*Extracted data*:
---*---
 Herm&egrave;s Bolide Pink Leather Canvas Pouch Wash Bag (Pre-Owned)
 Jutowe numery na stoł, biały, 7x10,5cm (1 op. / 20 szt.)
---*---
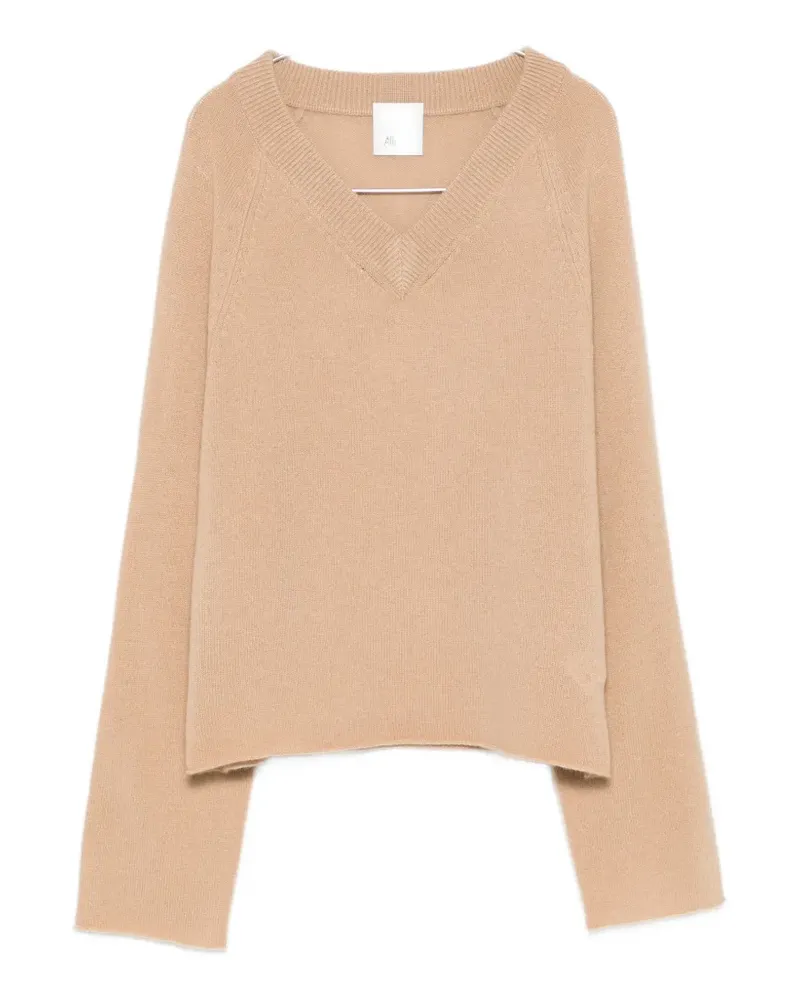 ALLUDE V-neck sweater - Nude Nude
---*---
*Problem requirements*:
Look through the material above and print exactly the lines from the one containing "Herm&egrave;s Bolide Pink" to the one containing "Jutowe numery na", both included, and nothing more.

*Task answer*:
 Herm&egrave;s Bolide Pink Leather Canvas Pouch Wash Bag (Pre-Owned)
 Jutowe numery na stoł, biały, 7x10,5cm (1 op. / 20 szt.)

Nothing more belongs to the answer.